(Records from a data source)
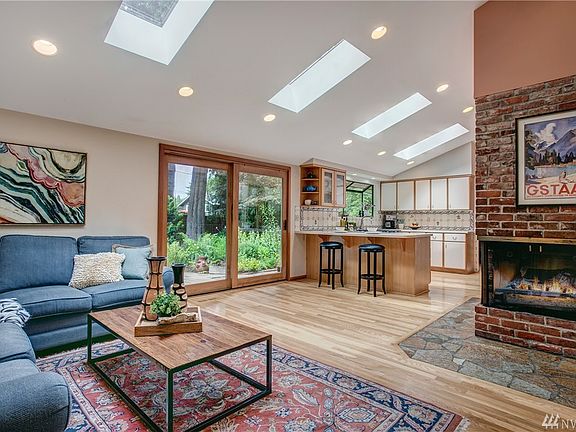 4th image of 6215 86th Ave SE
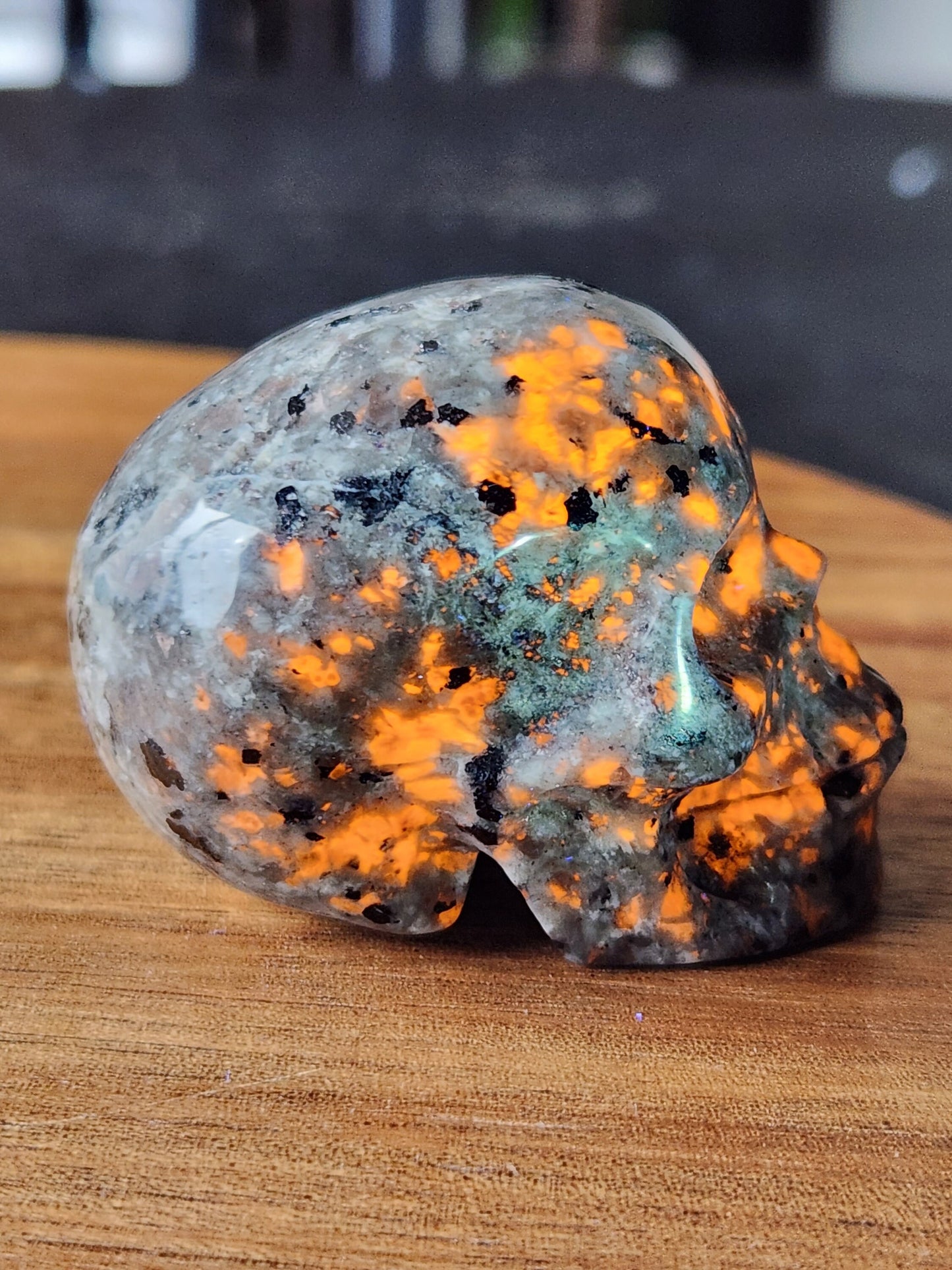 Beautiful AAA High Quality Yooperlite UV Reactive Unique Skull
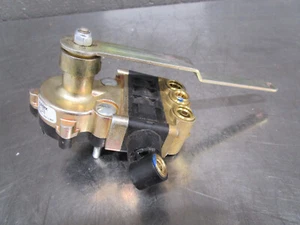 New (missing rings) Haldex 7" PR Plus Height Control Valve for Volvo 90555353 - Picture 1 of 3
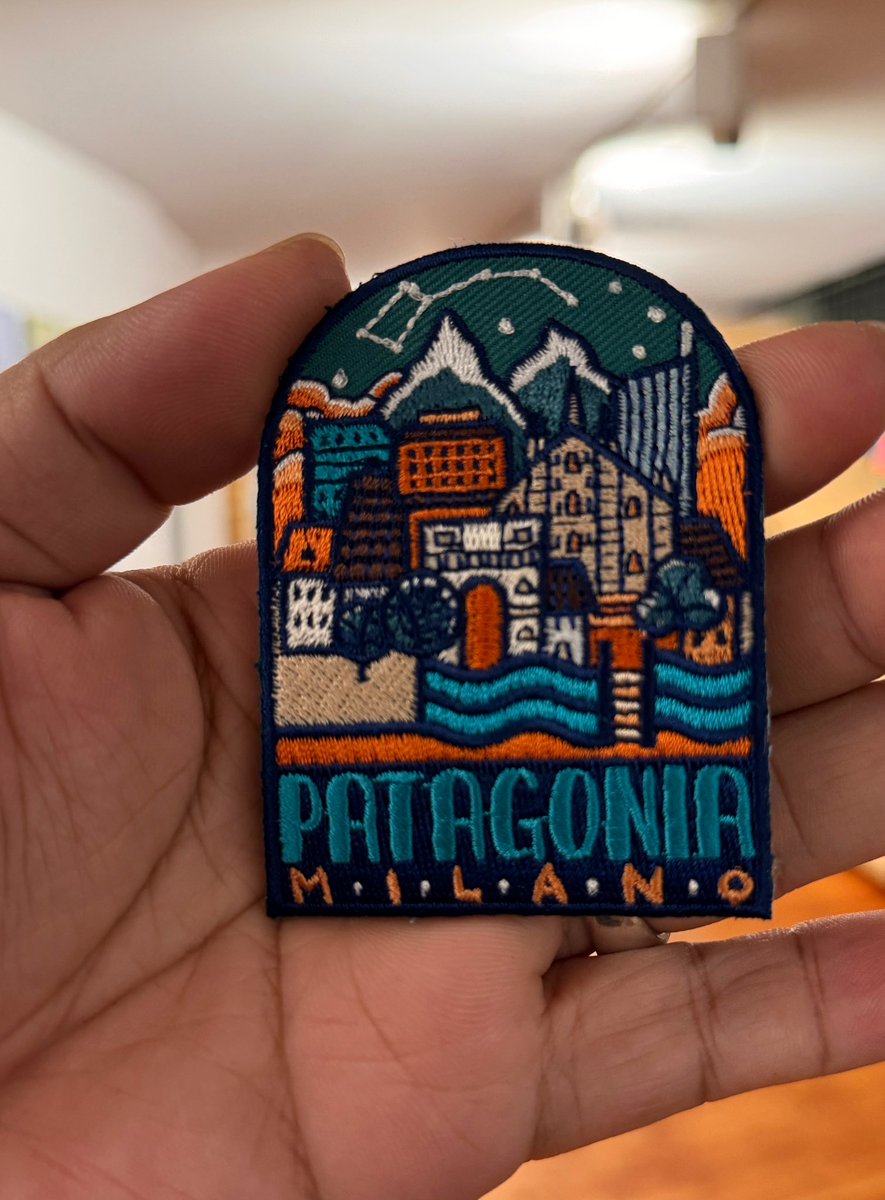 mhidayatullah__'s tweet image. Excited masuk kedai Patagonia. Rupanya diorg ada special patches yg unik dekat setiap tempat. Patagonia xkan jual, kne tanya kne kaunter dan diorg akan bg satu patches dgn sticker.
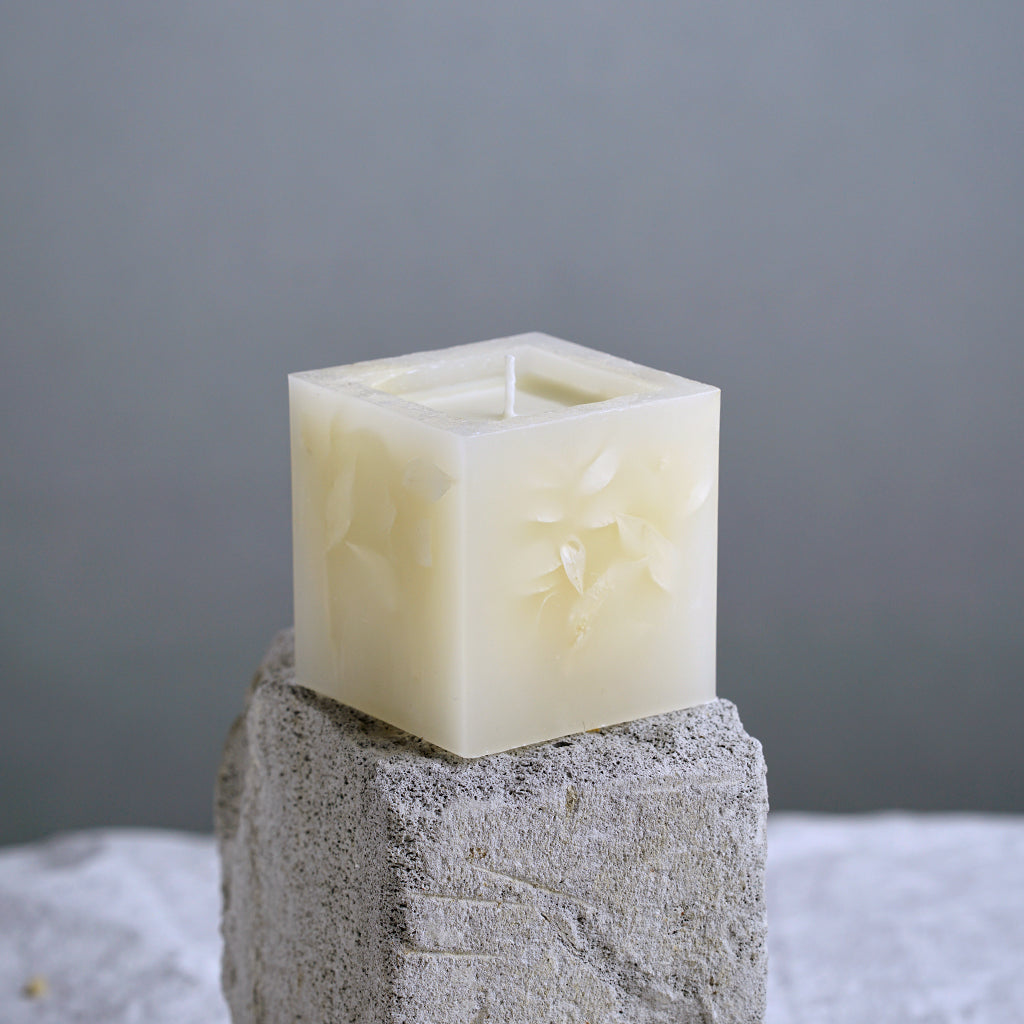 Handmade Shelled White Scented Art Candle for Yoga,Home Decor,Gift 9-12 oz,25-32 Hours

HOW TO COMPLETE THIS TASK: In the answer, the data should reappear exactly, with no pictures.

ANSWER BELOW:
 4th image of 6215 86th Ave SE
 Beautiful AAA High Quality Yooperlite UV Reactive Unique Skull
 New (missing rings) Haldex 7" PR Plus Height Control Valve for Volvo 90555353 - Picture 1 of 3
 mhidayatullah__'s tweet image. Excited masuk kedai Patagonia. Rupanya diorg ada special patches yg unik dekat setiap tempat. Patagonia xkan jual, kne tanya kne kaunter dan diorg akan bg satu patches dgn sticker.
 Handmade Shelled White Scented Art Candle for Yoga,Home Decor,Gift 9-12 oz,25-32 Hours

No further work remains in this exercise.